Verdadera santidad. En las historias de San Ignacio de Loyola, de San Benito José Labre y de Esteban y Margarita vemos tres ejemplos de cómo el Espíritu Santo puede transformar todos los aspectos de nuestra vida. Encontramos que practicar la santidad no se trata de hacer cosas extraordinarias, gestos grandiosos o acciones heroicas, sino más bien aprender a caminar día a día bajo el yugo suave y ligero de Jesús (Mateo 11, 28-30); es cosa de buscar al Señor, tratar de seguirlo lo mejor que podamos y dejar que su Espíritu nos cambie por dentro.
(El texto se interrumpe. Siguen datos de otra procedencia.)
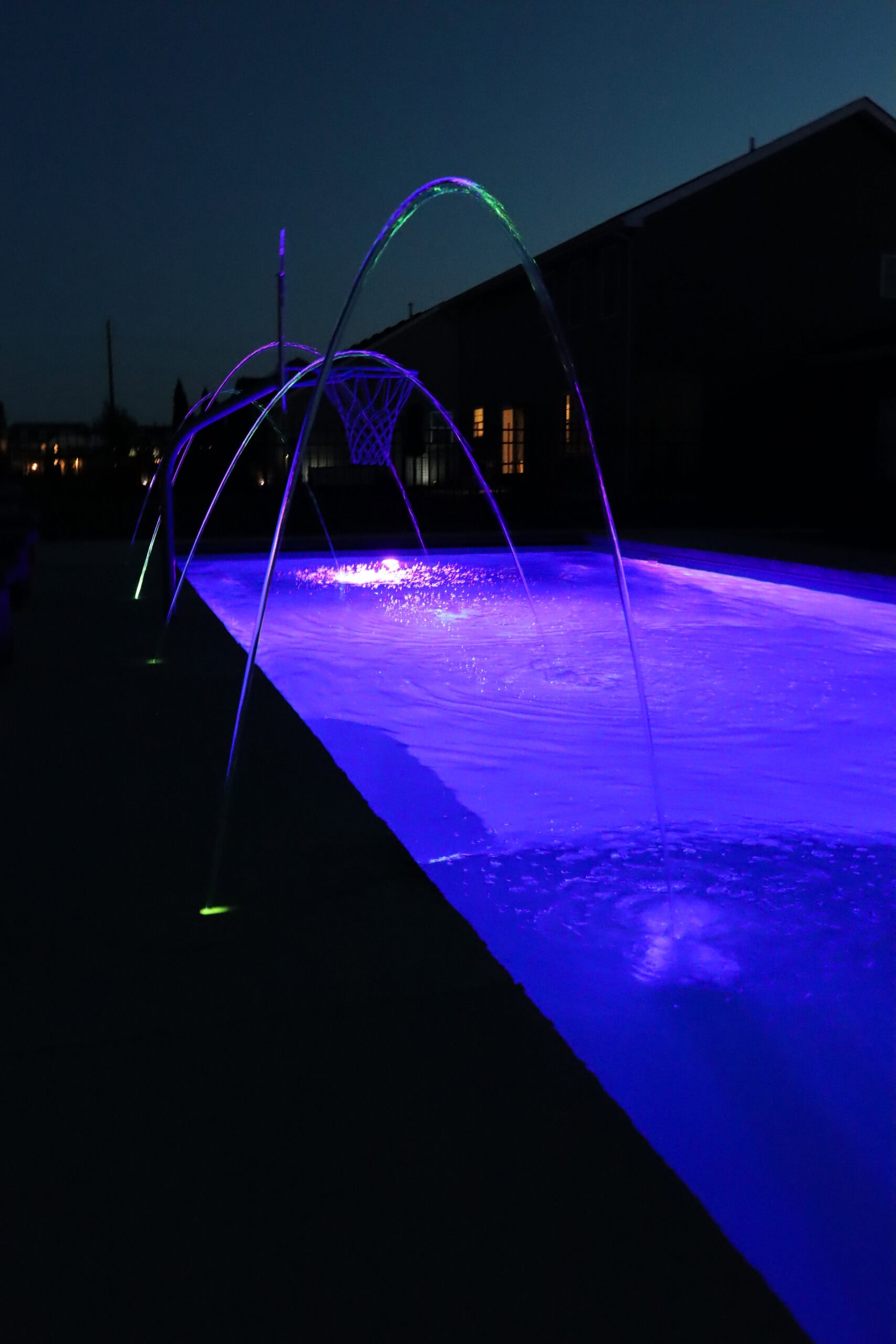 Portrait photo of laminars shooting arches of water into a purple glowing inground pool at night.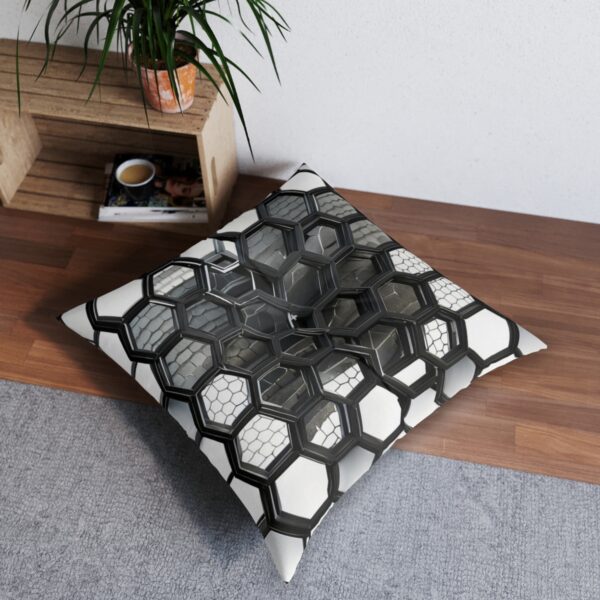 Tufted floor pillow with hexagonal pattern in grayscale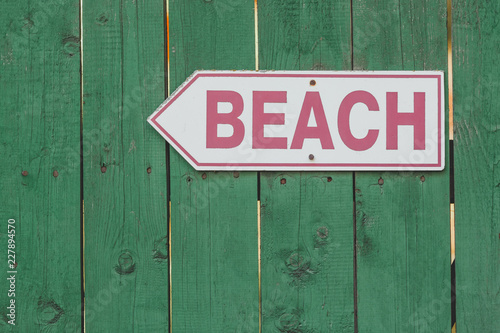Beach access sign on rustic green wooden fence.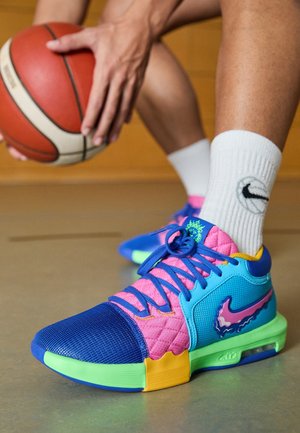 Basketballspiller der dribler, iført farverige Nike-sneakers med blå, pink, turkis og gule accenter, hvide Nike-strømper og holder en orange basketball.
Hagámonos todos el propósito, en este nuevo año, de dedicarle más tiempo y atención al Señor. Tomemos la decisión de adoptar como nuestra mayor conquista el crecimiento en la santidad y digámosle a Cristo que queremos ser como él.
Que el Señor los bendiga en todo este año; y a cada uno lo haga más santo con el paso de los días, las semanas y los meses, para que tú, hermano, seas un reflejo cada vez más fiel de Cristo.